注目のエクステリアデザインは、「Premium Casual(プレミアム カジュアル)」をコンセプトに開発。フロントマスクには、バッテリーEVの「RZ」から採用された「スピンドルボディ」よりもさらに一歩進んだ、機能全体を包括的に捉えたという「ユニファイドスピンドル」を採用している。
ホイールサイズも「ヒエラルキーを超えた存在感を実現するため」として、17インチ(225/60R17)タイヤに加え、18インチ(225/55R18)の大径タイヤを採用し、リヤには他のレクサス車と同じく「LEXUS」のロゴを中央に配置。左右を繋ぐ「Lシェイプ一文字シグネチャー」ランプも踏襲している。
ボディカラーは、陰影感を追求した「ソニッククロム」や「ソニックカッパー」など、プレミアムな質感と、鮮やかな有彩色でカジュアルさを併せ持った全9色のラインナップを設定。加えて、ルーフからピラーをブラックアウトしたバイトーンカラーも設定されている。
インテリアも類を見ないほどに斬新で、コンパクトながら12.3インチの大型フル液晶メーターを採用。センターにはタブレット端末をビルトインしたような9.8インチのタッチディスプレイを採用し操作性を高めている。
この新型「LBX」はクラスレスコンパクトとして開発されており、トヨタブランドの「ヤリスクロス」と同じGA-Bプラットフォームを使用しているが、「LEXUS」にふさわしい走りを実現するためにドライバーの着座位置を下げ、トレッドを拡大するなど、専用開発というレベルで手を入れている。
サスペンションもフロントには新開発のマクファーソンストラット式、リヤにはFFモデルにトーションビーム式、AWDモデルにトレーリングアーム式2リンクダブルウィッシュボーンを採用して操縦安定性と乗り心地を高次元で両立させているという。
パワートレーンは、1.5L直列3気筒エンジン(M15A-FXE型)とモーター出力を向上した軽量でコンパクトなトランスアクスルに、高い電池出力を持つバイポーラ型ニッケル水素電池を採用したハイブリッドを設定するとアナウンスされている。この1.5Lハイブリッドシステムは、加速中のエンジン回転数と車速とエンジン音を連動させることで伸びのあるリニアな走りを演出しているという。

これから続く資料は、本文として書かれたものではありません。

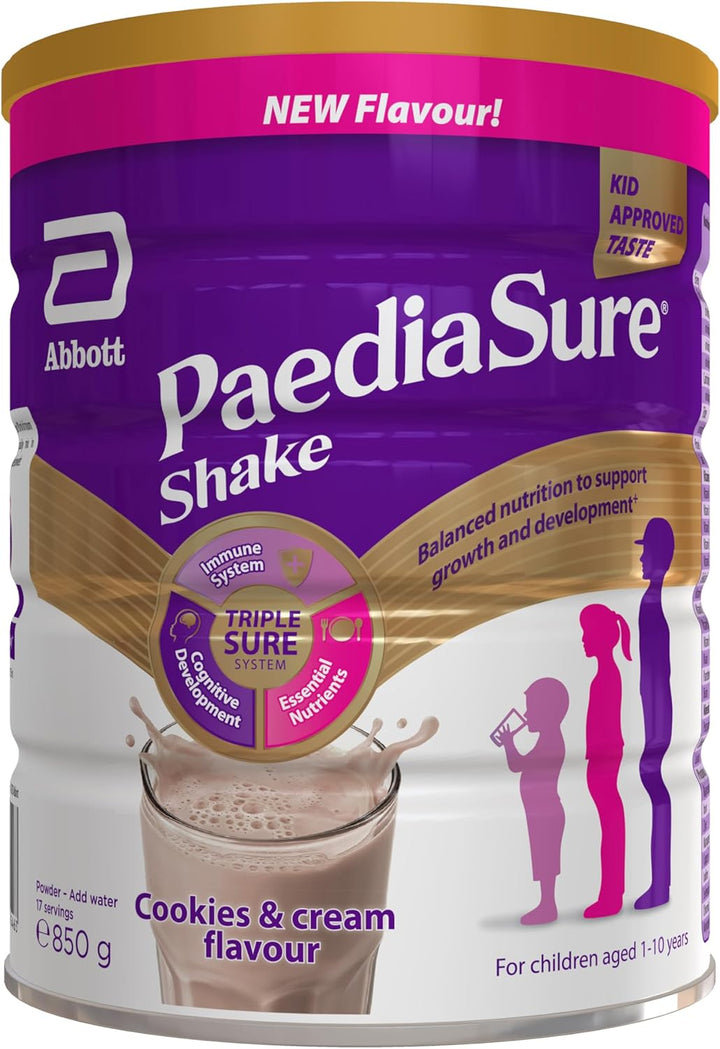 Paediasure Shake – Chocolate Flavour – 850G – Balanced Nutritional Supplement Drink – Multivitamin for Kids – with Protein, Carbohydrates & Minerals – Supports Growth & Development – Vegetarian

今までにないアプローチとして、ユーザー一人ひとりのライフスタイルに合わせて新グレード体系を導入。「COOL」、「RELAX」、「ELEGANT」、「ACTIVE」 、「URBAN」の5つの世界観をラインナップ。さらにユーザー自身がカスタマイズを楽しめる「Bespoke Build(ビスポーク ビルド)」と呼ばれるオーダーメイドシステムを導入する。シート表皮色やシートベルト色、ステッチ色など約33万通りバリエーションの中からオリジナル・コーディネートを楽しめるというもの。
安全装備も最新の「Lexus Safety System +」を搭載する。歩行者や自転車、駐車車両に近づきすぎないようステアリング・ブレーキ操作をサポートする「プロアクティブドライビングアシスト(PDA)」や走行中にドライバーの運転姿勢が大きく崩れた場合などに減速・車線内停車を行う「ドライバー異常時対応システム」も設定されている。
高級コンパクト市場に新しい価値観をもたらそうとしているクラスレスコンパクトの新型「LBX」。その車名は「Lexus Breakthrough X(cross)-over」を意味する。「本物を知る人が、素の自分に戻り気負いなく乗れるクルマ」を目指して開発されたという。日本の風景を変える一台になることを期待して2023年秋を待とう。